**Aim of the task:** Retype each record exactly; no pictures.

**Data shown:**
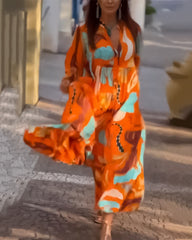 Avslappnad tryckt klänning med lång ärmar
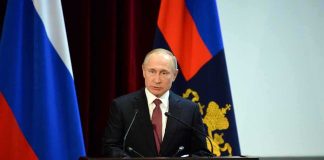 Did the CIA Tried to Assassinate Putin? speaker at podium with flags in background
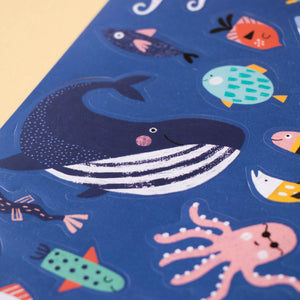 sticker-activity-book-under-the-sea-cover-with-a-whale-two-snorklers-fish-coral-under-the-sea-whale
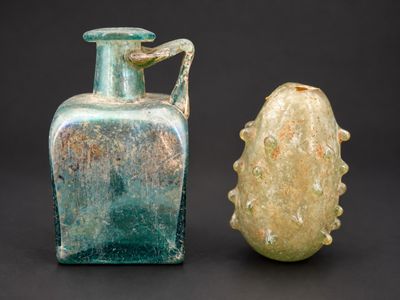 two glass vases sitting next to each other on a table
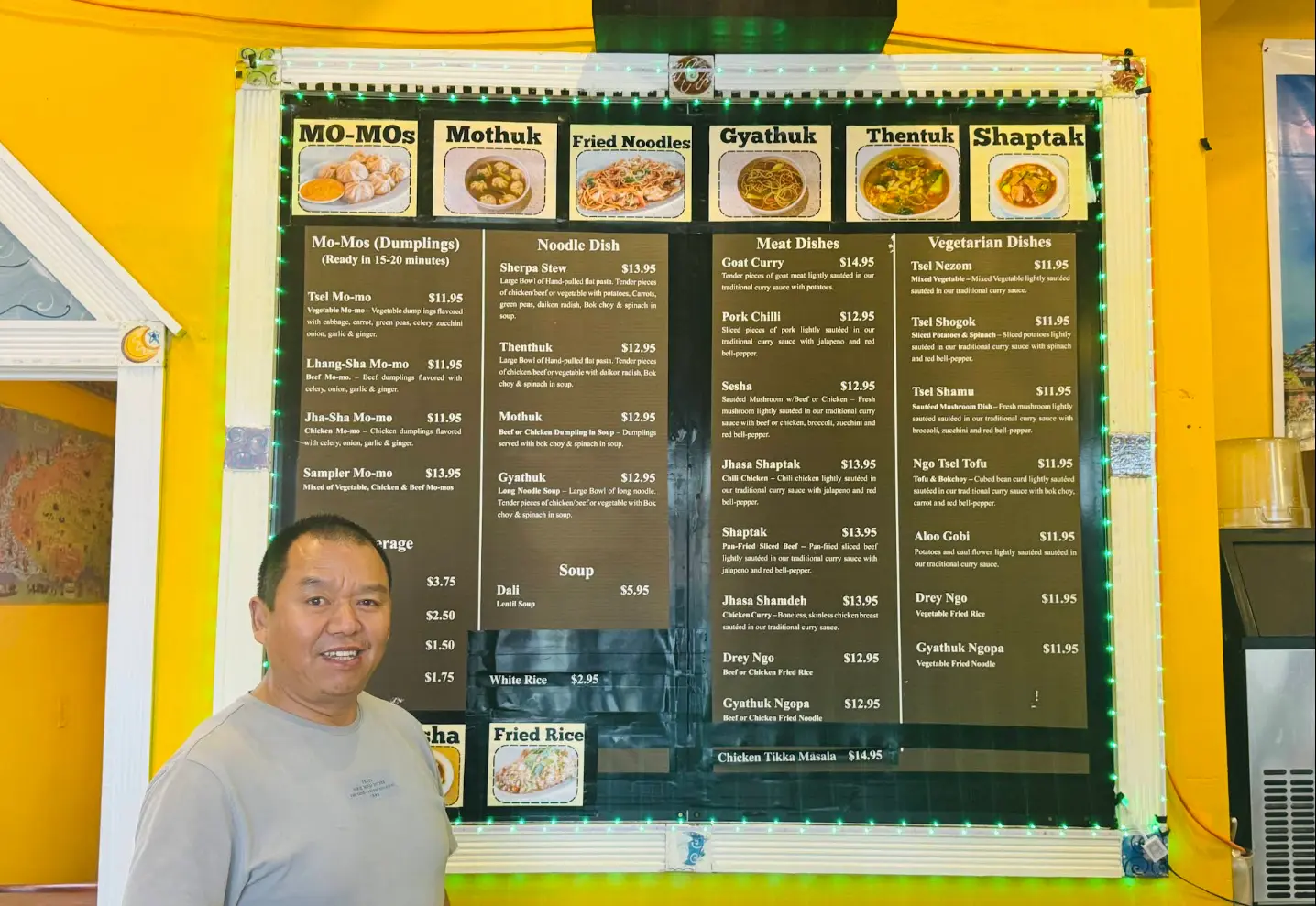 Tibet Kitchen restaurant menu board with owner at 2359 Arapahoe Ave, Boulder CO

**Written response:**
 Avslappnad tryckt klänning med lång ärmar
 Did the CIA Tried to Assassinate Putin? speaker at podium with flags in background
 sticker-activity-book-under-the-sea-cover-with-a-whale-two-snorklers-fish-coral-under-the-sea-whale
 two glass vases sitting next to each other on a table
 Tibet Kitchen restaurant menu board with owner at 2359 Arapahoe Ave, Boulder CO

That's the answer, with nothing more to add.